アナトリア草原(ステップ)は、小アジア(アジア・マイナー)と呼ばれたトルコの西側一帯であるが、その地域は、アジアの西の広範囲の地域を含み、北は黒海、北東はグルジア、東はイラン、アルメニア、南東はメソポタミア、南は地中海、西はエーゲ海、にも達する広大な地区にある。ここには、古くは、ヒッタイト、ペルシャ、ギリシャ、アッシリア、アルメニア、セルジュク・トルコ、オットーマン(オスマン)・トルコ、といった、諸文化が花開いた地区でもある。いわば、世界の縮図のような地域である。

だが、文化が花開いたのは昔のこと、現在は、首都アンカラに代表される都市と、辺境の地の格差に喘いでいる地区でもある。気候的にも、夏は暑く、冬は寒く、突風の吹き拔ける過酷な土地でもある。

この土地で、人一人が殺され、その死体を確認する作業をするハメになった中年の男達は、心では「厄介なことをしてくれたぜ」と思いつつも、「仕事は、早く終わらせたい」と思っている。車の中で、警察官は、自分の前立腺肥大を医師に訴え、又、実は「自分の息子は飲酒運転で捕まってしまったが、禁酒時に飲む薬を処方してくれないか」と頼む。憮然としながらも、了解する医師。

夕日が沈むにつれ、この草原は闇に包まれ、頼りは自動車のヘッド・ライトのみ。(とはいえ、国道は数少いので迷う心配はない。対抗車は全く無し。)

僅かな夕日を頼りに、「犯人」が「あそこだったか」と言う度に、警察官や、人夫は、車を停めて、犯人(泥酔していたから、よくは覚えていない)の指定する場所を掘り返すのだが、一向に死体は出てこない。段々イライラする警官。我慢を重ねる検察官と医師。もうとっぷり日は暮れて、闇の中となってしまい、ストレスの溜まった警官は犯人を殴りつけ傷めつける。手錠の為に抵抗できない血だらけの犯人。検察官は、医師と話を交わし始め、一体、人は自分の死を正確に予測出来るものだろうか?と医師に尋ねる。そりゃ無理でしょう、と医師。検察官は、妊娠していた若い女性が、「私は、赤ちゃんを産んだら、すぐ死ぬの。」と言って自分が指定した日に本当に死んだ、と語る。医師は、「死因はなんですか?」検察官は、「心臓麻痺だと思う。」医師は「死後解剖をするべきでしたね。」検視官は、「若い体にメスは入れられないし、心臓麻痺と判っているから、」と。医師は「それでも不審死の場合は検死を行うべきですよ。」と、海堂尊さんのようなことを言う。検察官は黙したまま。

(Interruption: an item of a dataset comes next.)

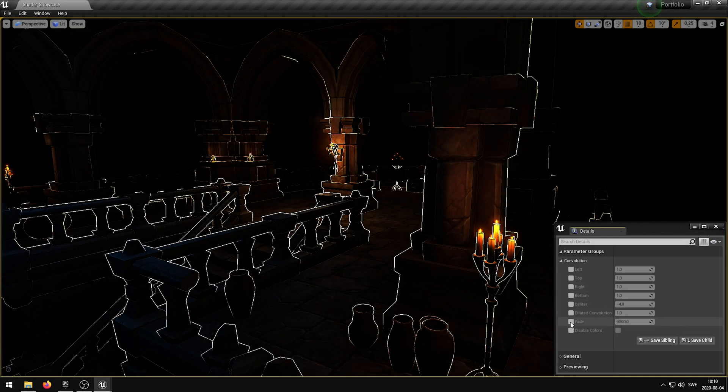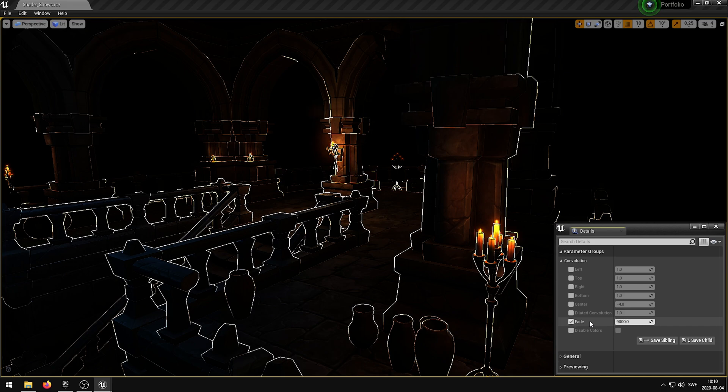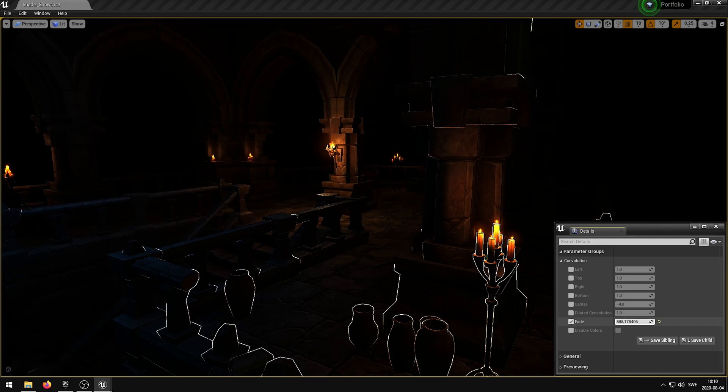In this video I'm going to showcase my convolution post-process shader that I have developed in Unreal Engine 4. This shader has 8 exposed parameters that allow you to control various properties of the convolution and kernel. The fade parameter determines the distance at which the convolution will stop calculating and fade out.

「犯人」の曖昧な記憶で掘り起こす作業に手間取った一行は、今夜はもう無理だろうと、その地方の村長の家に一夜の宿泊を乞う。村長は、都会からきた警察官・検察官をもてなし、ここぞとばかりに辺境の地にも新しい遺体安置場が必要だと訴える。若い者は村を離れ、残された老齢の人は、仏を最後に一目見ようとするので、夏場の臭いが村に篭るのが困ると。疲れ切った男達は、禄に聴いてはいない。食事後、村長の娘がお茶をお盆に載せ、電気の切れた暗闇の中、ロウソクをお盆に立てて、皆に配る。この荒涼とした、寒風の吹きすさぶ場所でありながら、娘は、信じられないほどの美女だった。誰もが、茶碗を貰って、有難うというまで、娘の顔はろくすっぽ見ないのに、チラッと見た途端、その美しさに唖然とするのが男達の表情で判る。幻覚かと思うほどの美女。その夜、トイレに二人立ちながら、検視官は、医師に、実は、死んだ女は、自分の妻で、自分の浮気が判った夜、妻は自らの死を告げていたのだが、自分は心臓麻痺だと信じている(いたい)、と、告白する。

翌朝、日が昇り、一行は犯人の記憶を頼りに犯行現場に到着する。犬が嗅ぎまわって土を掘り返している場所を、人夫が掘り返すと、人間の死体が。死体は、手足を後ろで縛り上げられた形で発見された。それを見ていた犯人の一人の少年が、「僕がヤッたんだ」と叫び始める。それを制する年上の「犯人」。直ちに、PCを立ち上げ、医師は、死体発見時の状況を検死報告用に述べ、事務員はそれをPCに記録する。作業が終わった後、屍体を都市に運ぶ段になって、遺体袋を忘れてきたことに気がつく警察官。仕方なく、衣類にくるんで、車のバック・サイドに押しこむ人夫達。

街(アンカラ)に戻った医師は、警察署に着いた「犯人」に石が投げつけられるのを見る。怒りを含んだ中年女性と息子のギラつく眼。血を流しながら、泣いて詫びる「犯人」。医師は、警察官には息子の処方箋を出して渡し、正式検死を行う。検死の助手は、旧式な検死解剖機器の不満を訴えながらも、屍体を解剖し始める。そして、その結果。。。。

と何重にも、事実の表層と表層に隠された真実が、みている私達にどうする?と問いかけているのに気がつく自分を意識する。果たして誰の、何の事実が真実なのだろうか?2時間半という時間が長いと感じさせない映画であった。映画を見たのは1月中ばであったが、強烈な印象は、消えない。